O sistema julgará os escravos da China em quatro aspectos - assuntos administrativos, atividades comerciais, comportamento social e sistema judicial; ações que podem desacreditar uma pessoa incluem não pagar as taxas de estacionamento municipal, comer no trem, comprar muito álcool, jogar videogame por muito tempo ou criticar o governo.

Os cidadãos poderiam receber proibições de uso de trem e avião se fumarem em trens de alta velocidade, produzirem ingressos falsos, espalharem rumores sobre ataques terroristas, tripulação de assalto e outras ações.

O tablóide estatal The Global Times afirmou que os ocidentais que se queixam de potenciais problemas de privacidade e autoritarismo são simplesmente ignorantes demais para compreender os aspectos positivos do sistema sagrado:

“Especialistas chineses disseram que a China, com uma população de 1,4 bilhão de pessoas, processa os enormes volumes de dados está além do entendimento dos países ocidentais. As teorias hipotéticas do Ocidente são baseadas em sua ignorância, dizem os especialistas chineses.

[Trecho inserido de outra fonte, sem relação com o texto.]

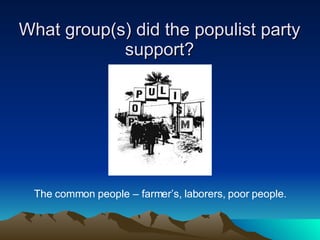 What group(s) did the populist party support? The common people – farmer’s, laborers, poor people. 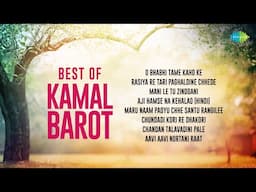 Best of Kamal Barot | O Bhabhi Tame Kaho Ke | Rasiya Re Tari | Mani Le Tu Zindgani | Gujarati Geet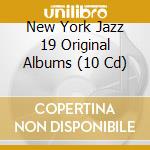 New York Jazz 19 Original Albums (10 Cd) cd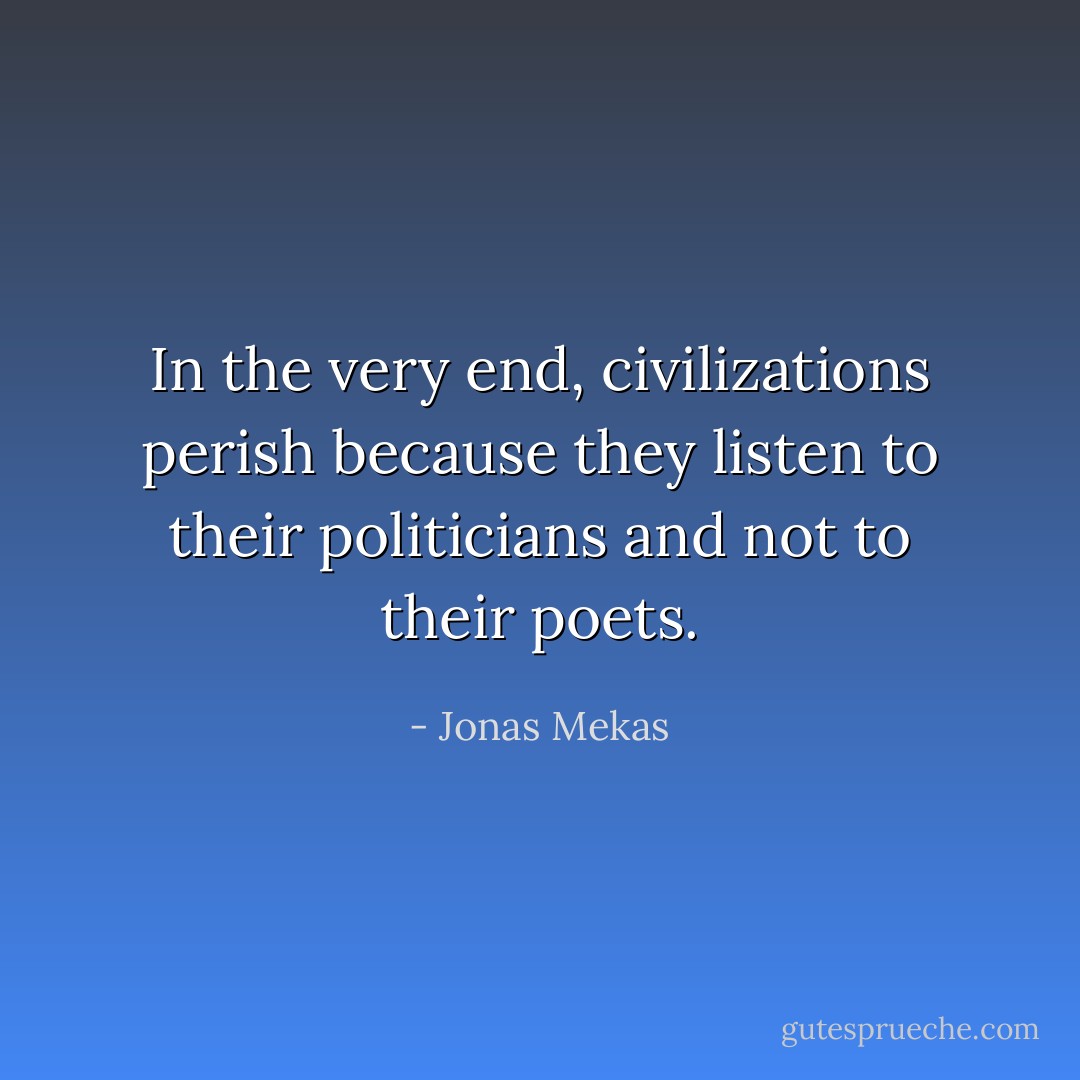 In the very end, civilizations perish because they listen to their politicians and not to their poets. - Jonas Mekas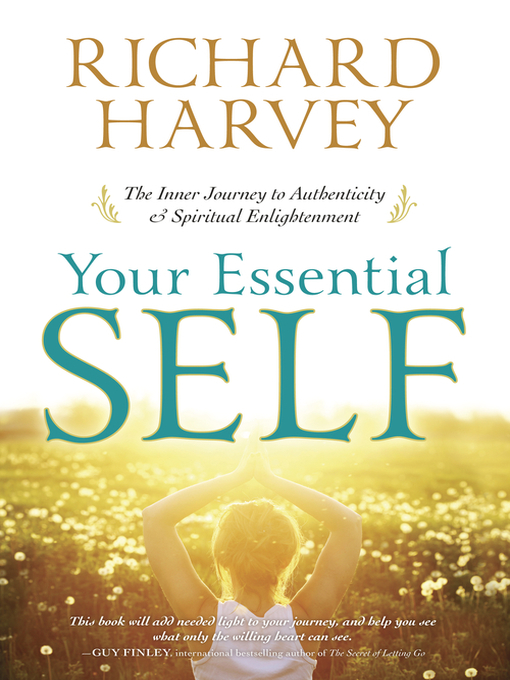 Title details for Your Essential Self by Richard Harvey - Available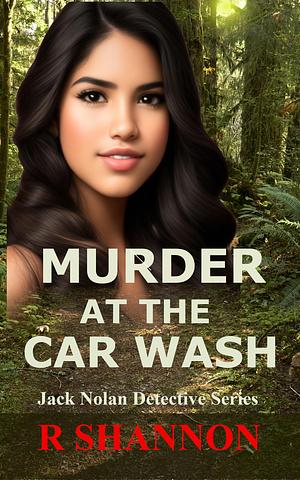 Murder at the Car Wash by R. Shannon, R. Shannon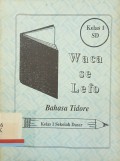 Waca se lefo: Bahasa tidore kelas 1 sekolah dasar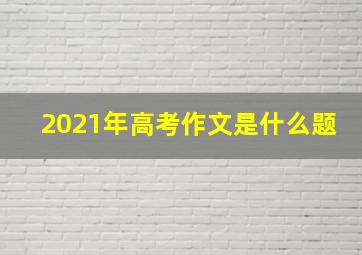 2021年高考作文是什么题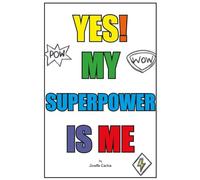 YES! MY SUPERPOWER IS ME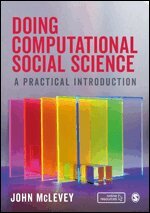 John McLevey - Doing Computational Social Science, Inbunden
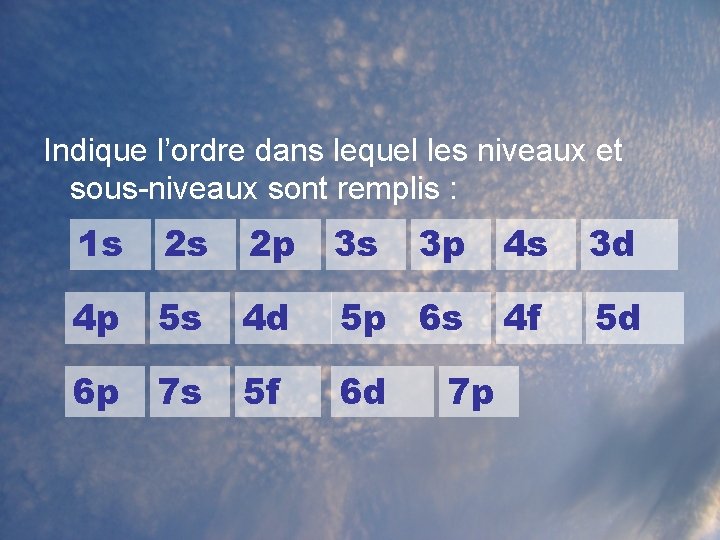 Indique l’ordre dans lequel les niveaux et sous-niveaux sont remplis : 1 s 2 Indique l’ordre dans lequel les niveaux et sous-niveaux sont remplis : 1 s 2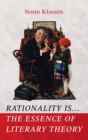 Rationality Is . . . The Essence of Literary Theory - Book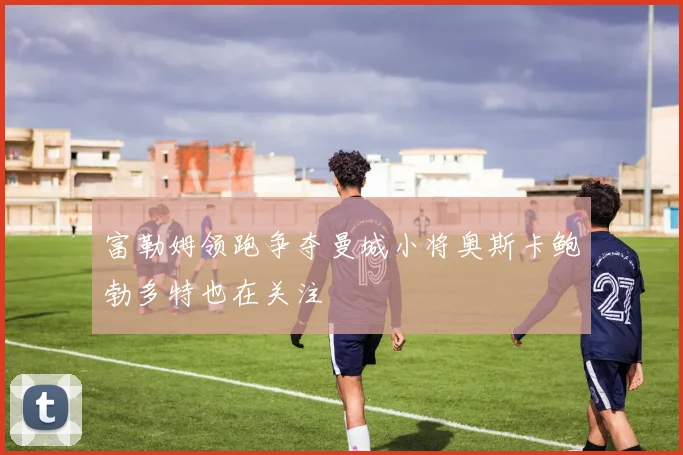 富勒姆领跑争夺曼城小将奥斯卡鲍勃多特也在关注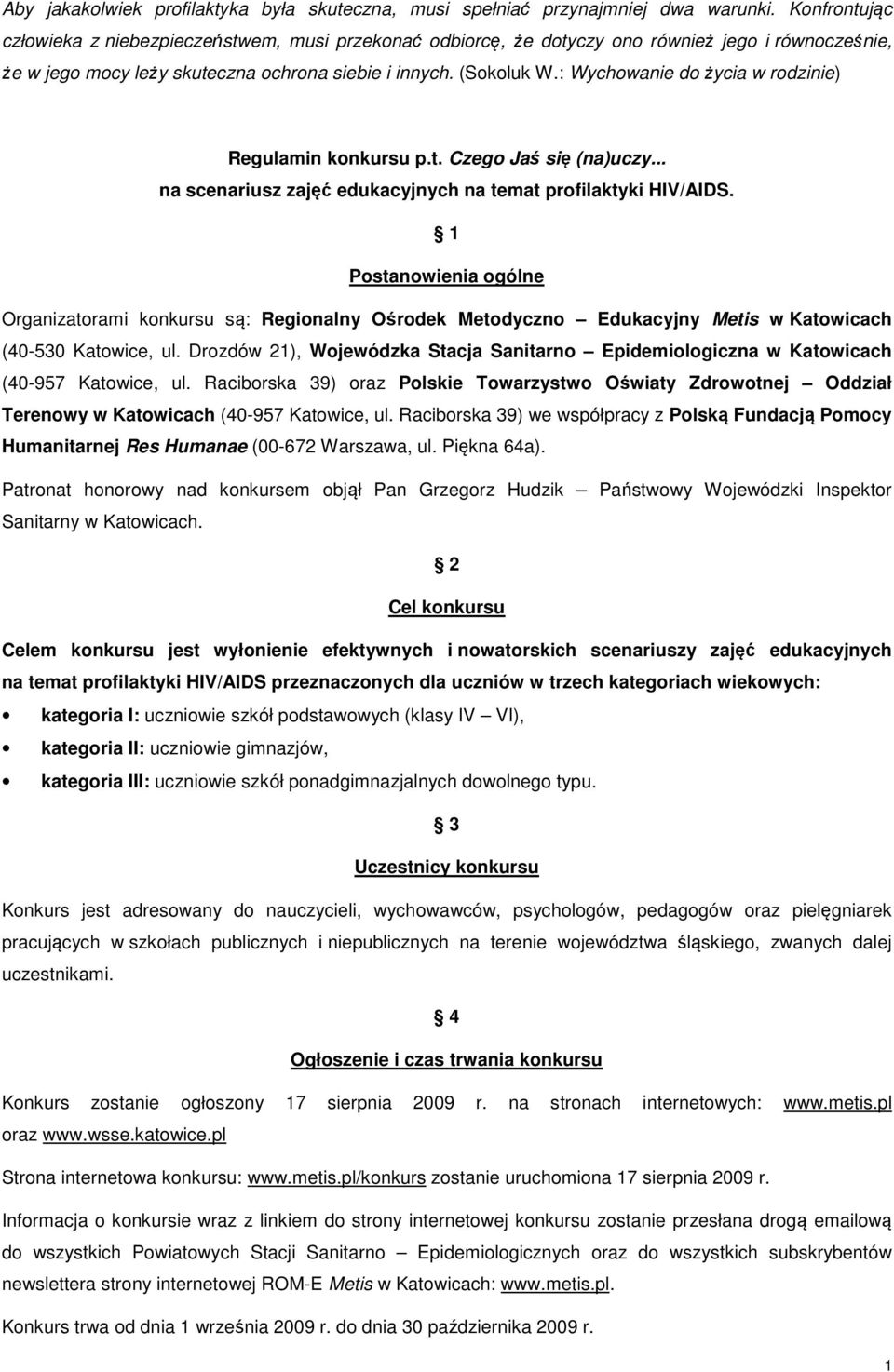 : Wychowanie do życia w rodzinie) Regulamin konkursu p.t. Czego Jaś się (na)uczy... na scenariusz zajęć edukacyjnych na temat profilaktyki HIV/AIDS.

Um pesquisador da Academia Chinesa de Ciências Sociais sobre finanças afirmou que “o objetivo do sistema de crédito social não é monitorar os cidadãos ou classificar os cidadãos em categorias 'boas' e 'ruins', mas servir melhor às pessoas com bom crédito e alertar as pessoas desonestas. ”

Um embaixador chinês também afirmou que o sistema (programado para lançamento em 2020) ajudará o país a restaurar a confiança social e é "apoiado pela grande maioria do povo chinês".